12 Cardiac Magnetic Resonance Elastography for Quantitative Assessment of Elevated Myocardial Stiffness in Cardiac Amyloidosis
Arvin Arani, Shivaram Arunachalam, Ian Chang, Francis Baffour, Kevin Glaser, Joshua Trzasko, Kiaran McGee, Armando Manduca, Martha Grogan, Angela Dispenzieri, Richard Ehman, Philip Araoz
Myocardial stiffness plays an important role in cardiac function. The objective of this study is to evaluate if 3D high frequency cardiac MR elastography (MRE) can measure increased myocardial stiffness in cardiac amyloidosis patients compared to healthy volunteers. Twenty-two patients with cardiac amyloidosis and 16 healthy volunteers were enrolled. The myocardial stiffness of cardiac amyloid patients (median: 11.4 kPa, min: 9.2, max: 15.7) was found to be significantly stiffer (p < 0.01) than healthy controls (median: 8.2 kPa, min: 7.2, max: 11.8). These results motivate future investigation of 3D high frequency cardiac MRE in different patient cohorts.

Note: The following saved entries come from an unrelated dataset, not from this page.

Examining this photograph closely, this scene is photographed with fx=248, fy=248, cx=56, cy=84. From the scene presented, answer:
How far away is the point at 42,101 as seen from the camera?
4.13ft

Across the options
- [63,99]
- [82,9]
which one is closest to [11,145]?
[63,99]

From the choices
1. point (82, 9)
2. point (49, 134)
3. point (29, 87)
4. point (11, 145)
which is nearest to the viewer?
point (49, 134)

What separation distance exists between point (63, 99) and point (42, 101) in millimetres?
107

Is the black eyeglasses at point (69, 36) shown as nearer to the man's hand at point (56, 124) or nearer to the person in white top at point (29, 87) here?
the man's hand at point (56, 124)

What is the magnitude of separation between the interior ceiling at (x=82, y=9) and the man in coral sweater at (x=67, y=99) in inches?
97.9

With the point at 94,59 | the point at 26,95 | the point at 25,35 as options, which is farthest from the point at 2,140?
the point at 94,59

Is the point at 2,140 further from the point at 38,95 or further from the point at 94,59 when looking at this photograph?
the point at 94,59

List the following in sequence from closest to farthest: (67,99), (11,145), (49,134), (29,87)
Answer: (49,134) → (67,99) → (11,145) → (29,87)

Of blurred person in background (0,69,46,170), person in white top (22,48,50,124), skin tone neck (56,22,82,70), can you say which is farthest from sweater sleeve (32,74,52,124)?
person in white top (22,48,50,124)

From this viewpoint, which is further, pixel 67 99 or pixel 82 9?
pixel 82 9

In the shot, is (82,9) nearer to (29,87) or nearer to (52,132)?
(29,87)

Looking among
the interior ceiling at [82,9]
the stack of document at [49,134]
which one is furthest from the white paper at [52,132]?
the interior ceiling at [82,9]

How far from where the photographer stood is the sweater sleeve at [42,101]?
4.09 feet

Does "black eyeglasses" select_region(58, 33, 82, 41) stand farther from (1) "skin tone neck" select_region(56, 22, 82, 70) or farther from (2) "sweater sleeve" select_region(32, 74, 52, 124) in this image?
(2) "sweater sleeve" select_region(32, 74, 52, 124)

13 Ungated myocardial perfusion imaging with complete left ventricular coverage using radial simultaneous multi-slice imaging
Ganesh Adluru, Jason Mendes, Ye Tian, Brent Wilson, Edward DiBella
Myocardial perfusion imaging is a promising tool to determine the downstream effects of blocked coronary arteries.  Ungated perfusion imaging is a promising alternative to conventional ECG-gated acquisitions.  Existing ungated methods can acquire only 4-5 short-axis slices often with large slice gaps.  Continuous and complete coverage is desired in order to avoid missed regions of perfusion deficit.  Here we use an undersampled radial simultaneous multi-slice (SMS) acquisition to obtain complete coverage of the left ventricle.  We use a block matching constrained reconstruction that is robust to inter-time frame cardiac and respiratory motion.  We obtain 12 short axis slices in ~250 msec.

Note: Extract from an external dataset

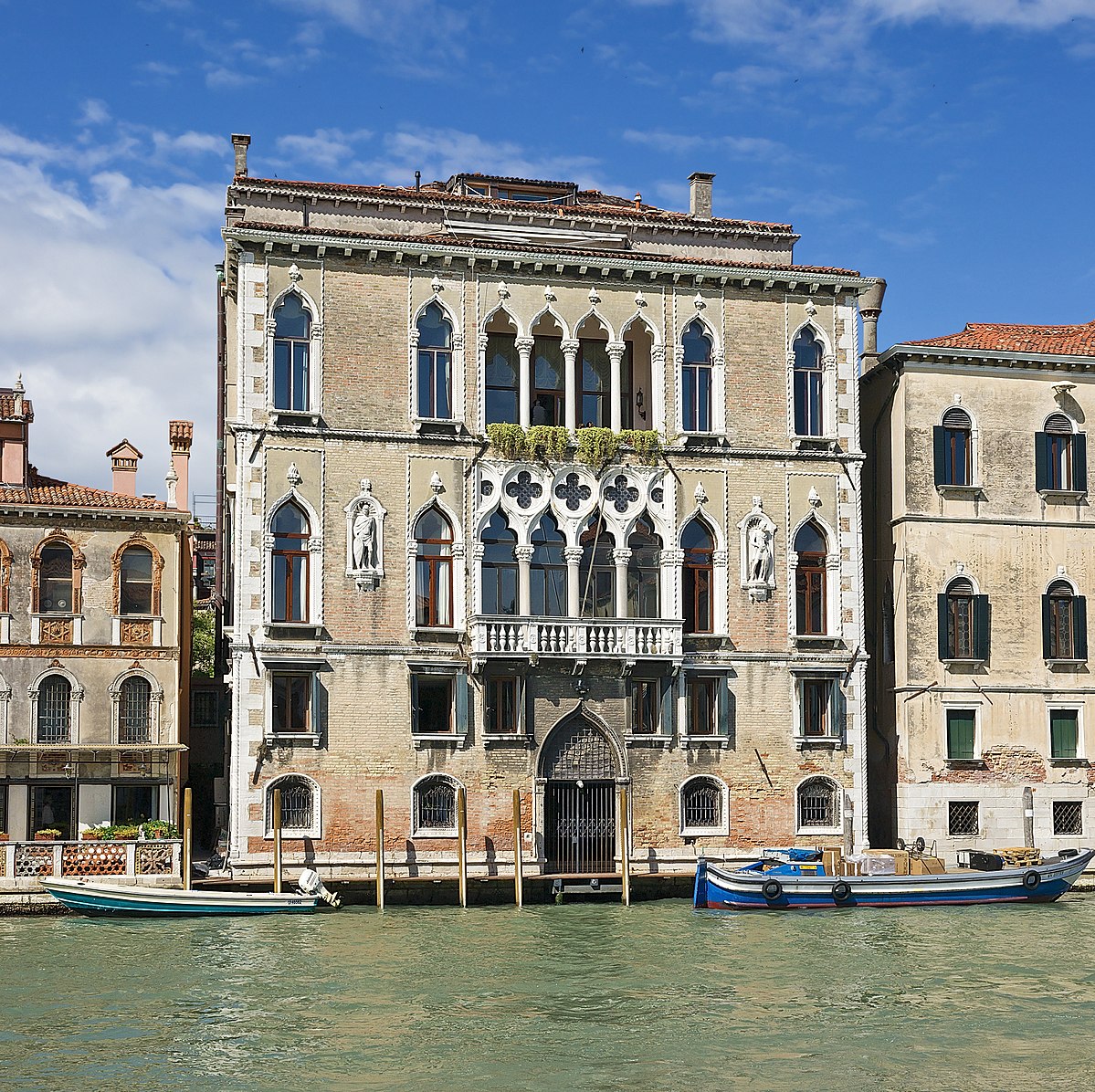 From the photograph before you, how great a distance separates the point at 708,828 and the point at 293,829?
276 inches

14 As Easy as Echo: Interactive Fetal Cardiac MR Imaging
Davide Piccini, Jérôme Yerly, Jérôme Chaptinel, Milan Prsa, Yvan Mivelaz, Leonor Alamo, Yvan Vial, Gregoire Berchier, Chantal Rohner, Peter Speier, Tobias Kober, Matthias Stuber
Although fetal echocardiography remains the gold standard for prenatal detection of congenital heart disease, mainly due to its ease-of-use, availability, and high diagnostic performance, MRI is occasionally used as a complementary and safe modality. However, MRI workflow is problematic as bulk fetal motion can occur anytime during acquisition, but can only be identified retrospectively, after image reconstruction. We describe an acquisition scheme that changes this workflow and allows interactive real-time planning of the fetal cardiac scan. The operator can easily find the desired scan plane even in a moving imaging target. This technique is applied and tested in two pregnant patients.

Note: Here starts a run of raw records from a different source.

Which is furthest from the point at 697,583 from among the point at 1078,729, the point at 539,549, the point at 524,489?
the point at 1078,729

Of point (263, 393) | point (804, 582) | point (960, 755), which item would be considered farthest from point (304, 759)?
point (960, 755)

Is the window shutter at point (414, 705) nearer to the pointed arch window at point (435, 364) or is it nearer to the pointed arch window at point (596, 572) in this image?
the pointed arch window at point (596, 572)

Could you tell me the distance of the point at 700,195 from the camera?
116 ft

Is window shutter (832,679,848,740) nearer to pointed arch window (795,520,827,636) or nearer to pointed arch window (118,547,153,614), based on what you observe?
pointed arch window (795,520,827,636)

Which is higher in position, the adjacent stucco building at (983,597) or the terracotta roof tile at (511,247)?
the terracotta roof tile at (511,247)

15 Low Rank Compressed Sensing Reconstruction for More Precise Cardiac MRF Measurements - permission withheld
Jesse Hamilton, Yun Jiang, Dan Ma, Yong Chen, Shivani Pawha, Wei-Ching Lo, Joshua Batesole, Mark Griswold, Nicole Seiberlich
A low rank compressed sensing and parallel imaging reconstruction termed Sparse MRF is introduced to improve the precision of mapping myocardial T1 and T2 with MR Fingerprinting. Sparse MRF enforces data consistency while also constraining the temporal signal evolutions using a low dimensional subspace derived from the SVD of the dictionary along time. Different reconstruction parameters are investigated in simulations with a cardiac phantom. Results from phantom and in vivo cardiac scans indicate that Sparse MRF yields approximately the same mean T1 and T2 measurements as other MRF matching techniques but with smaller standard deviations.